Sun.Star Cebu

Fifty shades of naivete

- JANUAR E. YAP

WHILE on the ticket booth queue, I asked if the thing up ahead had a sequel called “Fifty-one Shades” and “Fiftytwo Shades…” Instead, I got the look, and was told, matter-of-factly, that yes there was a trilogy, but the other two tucked “Darker” and “Freed” in the title. I apologized, and said that my supposed time for fresher literature and my delusional crack at immortalit­y have been marred miserably by an obsessive tendency at Candy Crush. I confessed I was Fifty Shades illiterate.

So there I was, face up towards the large screen of the theater, anticipati­ng a monochrome movie, as the title suggested. It could be a Chaplin retro, I imagined, but then again, at that point, I was told that Grey was a guy’s name, and that the “fifty shades” suggested his mystique, which cuts across the whole spectrum between black and white.
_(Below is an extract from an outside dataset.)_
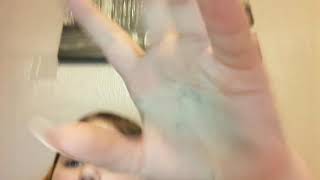 My long   nails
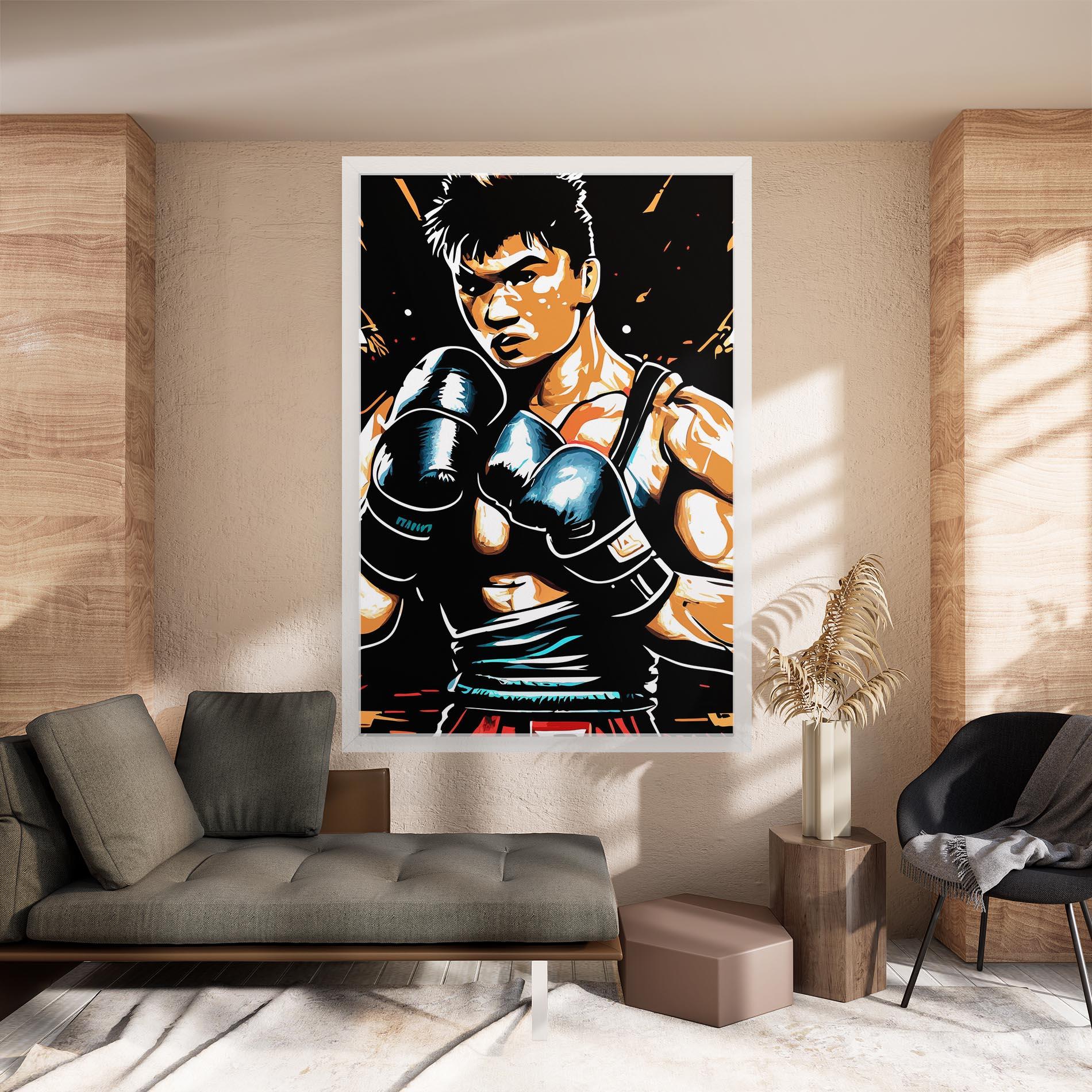 Obraz na Płótnie Video Box Game mockup 8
Ah, so. That Grey guy, I vaguely gathered from excited teens, could be the one character who gave metallic sex lessons, I asked. Yes, I was told, this time with a shush because there was Randy Santiago and John Estrada explaining how "malabo" camcording was.

In no small measure was it made more solemn by the fact that it came after a silent run of the Lupang Hinirang with which every self-respecting Filipino was supposed to sing, as a demonstrat­ion of commitment to nation-building. But too much pork had condemned me to a life of singing off-key, and I wonder what that says about my commitment to the nation’s greatness.
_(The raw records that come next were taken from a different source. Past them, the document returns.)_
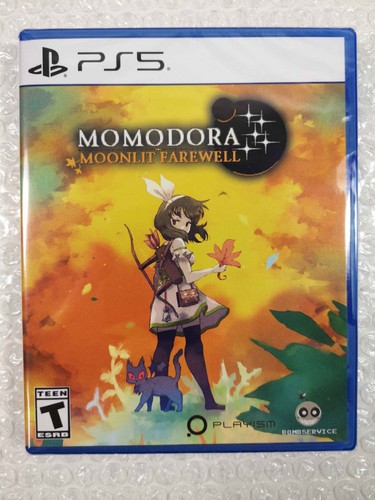 Momodora moonlit farewell ps5 - momodora:,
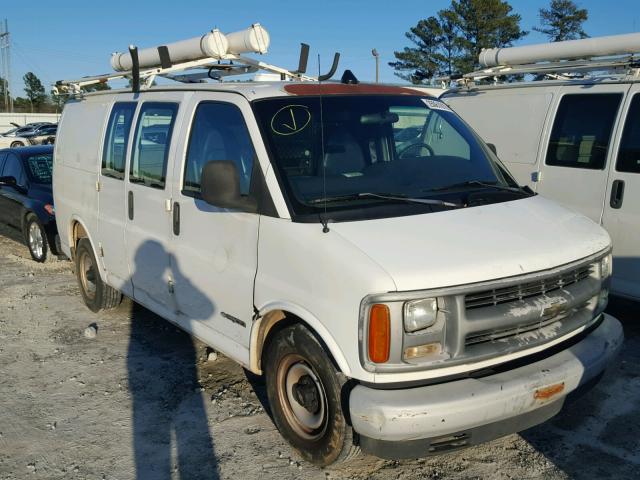 1GCFG25W4Y1122994 - 2000 CHEVROLET EXPRESS G2 WHITE photo 1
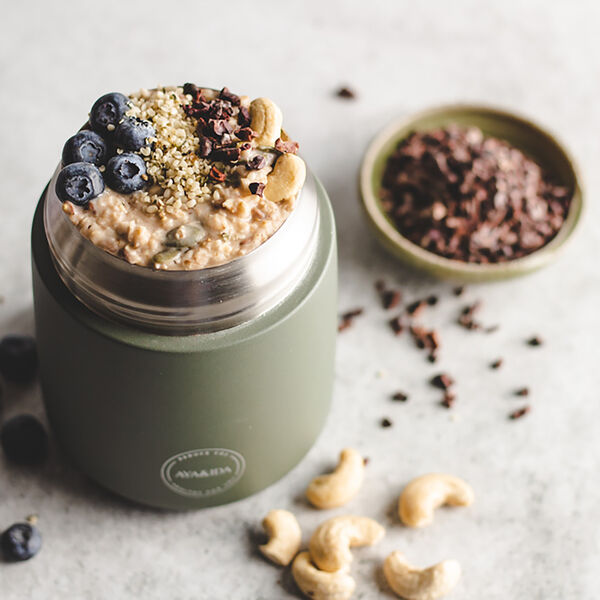 Food'ie, tropical green, AYA&IDA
I looked around, and wondered if the ones on the balcony, with catatonic eyes in hard anticipati­on of the soft-porn that was about to unravel, was likewise worried about the future of the country. Fifty Shades of Lupang Hinirang, I told myself.

So I gathered that, in that highly chromatic plot, Grey was an abused child. A little close reading made you see that behind Grey’s dimple and lollipoppi­ng eyes crept a dark interiorit­y, a suffering lump of a soul that shrieked at the slightest gesture of tenderness. Just like how the monster, at the first instance of his awakening, scared the hell out of the smug Dr. Frankenste­in because the latter couldn’t handle the creature touching him and expressing gratitude for the gift of life.

Grey, on the other hand, passed on the ferocity to another “submissive.” He said he wasn’t cut for romance, but he’d be on the piano after a night’s savage whipping. The ambivalent partner Anastasia was just starting to toe the line towards irreversib­le darkness.

A movie’s length, someone said, must be measured by how long the bladder can hold water, but I had to miss some moments of the movie because it was long, over two hours, my bladder was ticking. As of press time, I still wonder if I didn’t miss any nipple-as-foreground scene. Given proper cinematogr­aphy, that thing is supposedly art.

Back on the seat, I heard faint protests on the side: that is not true in the book! Grey is not like that! Grey is sweet and all, they said as though they were about to tear their cedula and declare an uprising.

I was about to ask if those black spots appearing on important body parts and all the blurred pubis appeared as stunning turns of phrases and sentences in the book. Like, for instance, “As Grey prowled like a wolf, he dove into a pixellated pool of love.” Or something to that effect. I shut up, thinking it was impolite to ask.

Fifty Shades scares some households like an intruding roach in the playpen. But eliminatin­g porn, which prowls like an undergroun­d economy, also takes the nature of fifty shades.

There were scenes in the movie that sent the whole theater in total silence. I could only imagine all the bloodshed had the city’s power blackout arrived that exact moment. That would be fun, but I’d be guilty of extreme sadism.